If I overexpose my film, I will get a fatter, more contrasty negative.
******
You'll get a heavier negative; contrast will (all things being equal--which they rarely are) be about normal.
The purpose of over-exposing and under-developing is to get full detail in the shadows and to keep highlights under control.
******
Exactly. You have it.
The compressed highlights can be taken care of by dodging them.
*****
Yes. Or using a higher contrast paper; or higher contrast paper developer; or whistling in the dark and doing incantations.
*******
As the Professor said in My Fair Lady (sorta). "I think he's got it!"
You expose for the film shadow density, and develop for the contrast.
An overexposed negative doesn't get more contrasty, in fact it gets a flatter contrast curve because you've pushed so many zones into one or two highlight areas.
Fixer eats nothing. It simply removes what the developer doesn't develop. In the end you are left with silver in emulsion. There are no slabs. Think clumps of silver. Highlights have bigger, fuller clumps. Shadows have smaller, more dispersed clumps.
The best solution is to correctly expose, and correctly develop. Saves you tons of time in the darkroom attempting to print an overexposed, underdeveloped image.
By the way, I solve many of the problems simply by giving generous exposure (1/2 box speed) and develop in a "semi-compensating" developer: D23. With such a developer, the highlights are partially "self-limiting" because the only developing agent in D23 (metol) is very sensitive to the restraining action of bromide. And, as you have grasped, the highlights develop more easily than the shadows because the silver grains have been more destabilized by having been exposed to more light--so they develop more readily and quickly and (with D23) immediately begin self-limiting themselves by liberating more bromide into the developing solution which is right next to those highlight images. Dilute Rodinal (1:65, 1:75, 1:85) tends to do the same thing. D23 is the lazy person's way to easily printable negatives, methinks.
Well, firstoff the work being done is reducing silver halide to silver metal. Oxidation is not involved. Second, you are left with silver in gelatin after fixing, as there is no emulsion left then.
But, as to the big question, remember that the shadows are the light part in the negative which are the coarser grains (faster speed grains), and the highlights are the dark part (all of the slow + fast grains). For this reason grain follows a somewhat bell shaped curve going from low to high and back to low. At low density, grain is low, then it rises as you get many specks of silver and then it falls as density rises and you get all of the blank spaces filled in with silver. So, even though many companies report grain as a single figure it is a continuous curve that mates with the characteristic curve.
PE
Well, yes, correctly expose and develop, but I scan, and the scanner is picking up too much grain.

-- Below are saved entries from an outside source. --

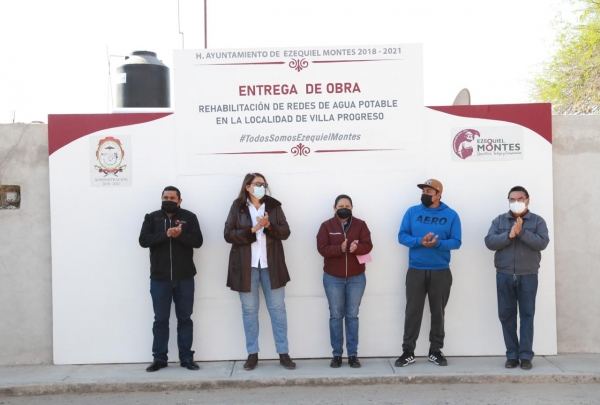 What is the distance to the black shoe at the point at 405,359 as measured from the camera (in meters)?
7.02

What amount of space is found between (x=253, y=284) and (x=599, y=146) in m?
4.22

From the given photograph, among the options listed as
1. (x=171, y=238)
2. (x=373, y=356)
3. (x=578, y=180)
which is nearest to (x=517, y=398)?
(x=373, y=356)

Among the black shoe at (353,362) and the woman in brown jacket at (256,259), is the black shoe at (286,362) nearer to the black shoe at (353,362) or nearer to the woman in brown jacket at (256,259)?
the woman in brown jacket at (256,259)

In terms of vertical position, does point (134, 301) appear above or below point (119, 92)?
below

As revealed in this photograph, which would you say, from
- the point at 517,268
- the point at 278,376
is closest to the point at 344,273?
the point at 278,376

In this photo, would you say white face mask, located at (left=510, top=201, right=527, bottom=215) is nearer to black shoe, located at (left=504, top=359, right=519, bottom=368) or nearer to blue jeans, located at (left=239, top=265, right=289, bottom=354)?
black shoe, located at (left=504, top=359, right=519, bottom=368)

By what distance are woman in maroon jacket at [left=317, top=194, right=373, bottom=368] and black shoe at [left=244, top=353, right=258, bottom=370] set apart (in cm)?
82

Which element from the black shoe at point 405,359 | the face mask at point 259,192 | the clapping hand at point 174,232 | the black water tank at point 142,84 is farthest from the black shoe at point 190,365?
the black water tank at point 142,84

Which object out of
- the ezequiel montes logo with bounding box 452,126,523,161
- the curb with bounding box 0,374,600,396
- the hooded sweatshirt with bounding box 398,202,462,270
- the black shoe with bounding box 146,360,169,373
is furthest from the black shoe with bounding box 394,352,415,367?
the black shoe with bounding box 146,360,169,373

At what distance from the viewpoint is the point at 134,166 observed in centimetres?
737

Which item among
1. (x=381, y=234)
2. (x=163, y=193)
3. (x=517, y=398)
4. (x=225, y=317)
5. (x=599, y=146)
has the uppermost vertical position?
(x=599, y=146)

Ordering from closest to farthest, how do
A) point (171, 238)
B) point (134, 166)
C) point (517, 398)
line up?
point (517, 398) → point (171, 238) → point (134, 166)

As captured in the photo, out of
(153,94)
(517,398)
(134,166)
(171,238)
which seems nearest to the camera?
(517,398)

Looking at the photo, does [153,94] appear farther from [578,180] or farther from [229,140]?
[578,180]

So I am trying to find out whether I need a fat or a thin neg for the scanner not to pick up grain, being that phothoshop can fix contrast.
******
Pierods,
I have developed film and made prints for almost fifty years. What I said to you has to do with that about which I feel I know a little bit. Scanning is something which is terra incognita for me.
Well, firstoff the work being done is reducing silver halide
to silver metal. Oxidation is not involved. Second, you are
left with silver in gelatin after fixing, .... PE
Divided or not?
Well, yes, correctly expose and develop, but I scan, and the scanner is picking up too much grain.
So I am trying to find out whether I need a fat or a thin neg for the scanner not to pick up grain, being that phothoshop can fix contrast.
******And I thank everybody for chipping in.
******
You are welcome: now trash that scanner and head for the darkroom!!!